First went to the Lavender Farm in May for a spring tea with my "Laughter Yoga" group pictured here: Elaine, Mary, Ria, Kathy, Jodi, all of us dining in a former stable fixed up all nice and we got reservations and food and then a talk from the farm's owner, who said lavender is proven antifungal, antibacterial, antiseptic, anti-aging, anti-anxiety, and all-around good for you, whether absorbed through skin or eaten. Returned there on this electrifyingly gorgeous late June day to see the picnic umbrellas and lavender in bloom and some girls (see photo) out picking it, and also to buy the highly concentrated lavender essential oil to blend with the organic coconut oil used as my skin lotion, and the lavender spray that can be used as cologne or bug repellent. Everybody knows, right, that Lavender Skin-So-Soft bath oil keeps bugs away. Lavender is why. It's beautiful and it tastes good. Lavender is one of those miracle herbs.
Monday, September 10, 2012
Most Loved Herb on Earth...
....Basil. I'll throw basil leaves in my bed and sleep with them. This was the week, it always is, to clip the branches off the stems, to cut from their branches the heavenly-scented basil leaves that you see here, and wash them and dry them and then to pulverize the dickens out of 'em, using 1 cup packed basil leaves with 1/4 cup olive oil and salt. It's not quite "pesto"; that'd have garlic and nuts in it. Garlic flavor doesn't freeze well. So what I make at harvest time is basil paste.A huge green mess in the kitchen (pesto mess-toe) ensues. For a minute I dreaded doing the basil-paste thing but it takes an hour and lasts all year, and can't think of too many other things that are so predictably satisfying. And then I told myself, "You're complaining about fresh basil? Golly, don't you have it rough!"
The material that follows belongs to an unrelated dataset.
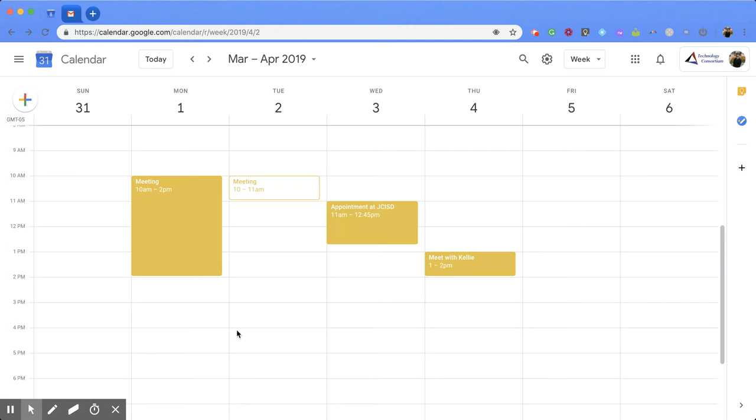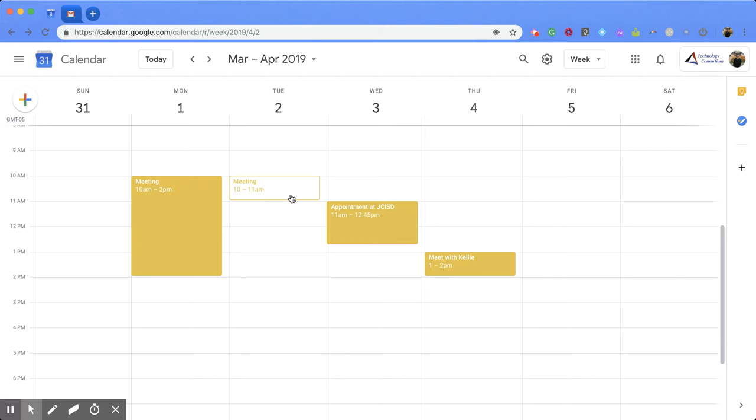You'll notice on my screen right now I have two different types of events showing up. In yellow, these are my events that I created, and then the one right here with the white fill and a yellow outline, this was an event that I was invited to.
Three big happy plants gave me the harvest you see here. After making the paste I scoop ice-cube-sized portions onto a tray, put tray in freezer, and when the portions are frozen, wrap and package basil cubes for winter. Can't put the cubes in the bed, but I can open the bag and sniff 'em when I need a basil fix.
Three big happy plants gave me the harvest you see here. After making the paste I scoop ice-cube-sized portions onto a tray, put tray in freezer, and when the portions are frozen, wrap and package basil cubes for winter. Can't put the cubes in the bed, but I can open the bag and sniff 'em when I need a basil fix.